Diagnostics that may be recommended include abdominal radiographs (X-rays), ultrasound, blood work including a complete blood count (CBC) and biochemical profile, urinalysis, urine culture and a canine pancreatic lipase immunoreactivity (cPLI) test. Radiographs are usually not very helpful in establishing a diagnosis of pancreatitis, but are important in ruling out other causes of disease. Abdominal ultrasound can be very specific in identifying pancreatitis, but the pancreas may appear normal in up to 32% of dogs with pancreatic inflammation. Blood work can be normal or demonstrate diseases of other organ systems either unrelated to or caused by the pancreatitis. The cPLI test is a highly accurate test in diagnosing pancreatitis; however, the presence of an abnormal cPLI test does not definitely rule in pancreatitis as the sole cause of the clinical signs. This is an important concept, as resolution of the pancreatitis may not lead to resolution of the clinical signs.

Currently, the combination of the above tests is usually recommended to obtain a presumptive diagnosis of pancreatitis.
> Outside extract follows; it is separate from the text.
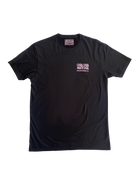 Beverly Tee - Black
The only definitive way to diagnose pancreatitis is to obtain a biopsy via surgery or laparoscopy; although, many times the patient is too unstable to undergo anesthesia.

Treatment is truly supportive in nature, and its aggressiveness depends on the severity of the pancreatitis. In severe cases, hospitalization is required for restoration and maintenance of hydration, control of pain and vomiting, nutritional support and possibly antibiotic administration. If the patient is vomiting, food and water are withheld; otherwise, an ultra-low-fat diet can be offered. The use of very low-fat diets in dogs is to decrease the workload on the pancreas.

In less severe chronic cases, hospitalization may not be required if the patient is hydrated and not vomiting. An extremely low-fat diet will be recommended for home use, as well as regular monitoring of blood work such as the cPLI and/or abdominal ultrasound.

Prognosis is dependent on severity of clinical signs, degree of pancreatic tissue damage, duration of illness and the presence of concurrent disease. In uncomplicated cases, continuous use of a low-fat diet may prevent any future recurrences of pancreatitis. Conversely, some dogs will experience repeated bouts of pancreatitis, which will progress to chronic pancreatic changes and persistent disease accompanied by unrelenting clinical signs. As mentioned, an acute severe episode of pancreatitis can quickly lead to shock and death if aggressive treatment is not started promptly. Unfortunately, even with aggressive treatment, some patients may still die.

Because of the complexity in diagnosis and unpredictability of response to treatment, suggesting a prognosis is difficult. In severe cases, hospitalization may be required for several weeks before the patient is stable enough to be discharged.